Sounds good to me. I don't think that your odds of drawing the second choice were that good anyway.


----------



## MuscleWhitefish (Jan 13, 2015)

That comment section 


Sent from my iPhone using Tapatalk


----------



## Fowlmouth (Oct 4, 2008)

It will be interesting to see if 1st choice units will be easier or harder to get now. I'm assuming some units will be more difficult than others.


----------



## APD (Nov 16, 2008)

should be an interesting few years as people decide how to play their points and figure out a new way to get ahead. might be a lot of left over tags this season.


----------



## DallanC (Jan 13, 2009)

APD said:


> should be an interesting few years as people decide how to play their points and figure out a new way to get ahead. might be a lot of left over tags this season.

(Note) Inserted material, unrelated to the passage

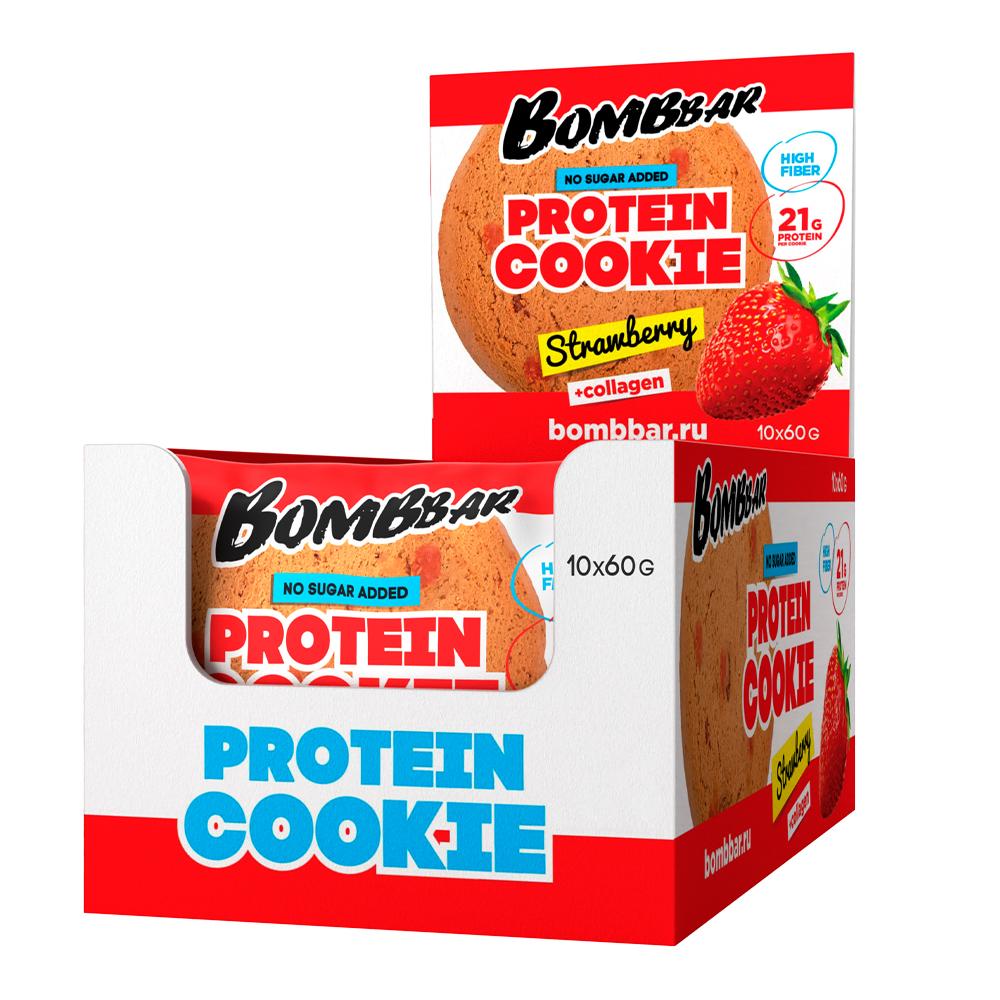 BombBar - Protein Cookies + Collagen - Box of 10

No. My prediction is we continue with a massive winter kill. The only people getting tags this coming year are the ones using the loophole, as of course, they have the most points right now. It will clear out most of the max point holders then the next year things should even out as those that don't get a tag this year have more points going into the following years draw (as it should be).

It seems like we are on a trajectory that is going to minimally, result in 50% less tags than last year. One couldnt plan a worse winter for our wildlife as we have currently.

-DallanC


----------



## MuscleWhitefish (Jan 13, 2015)

APD said:


> should be an interesting few years as people decide how to play their points and figure out a new way to get ahead. might be a lot of left over tags this season.


Less than 10% may have been using the loophole.

Some may have just been putting archery and ML as a second choice.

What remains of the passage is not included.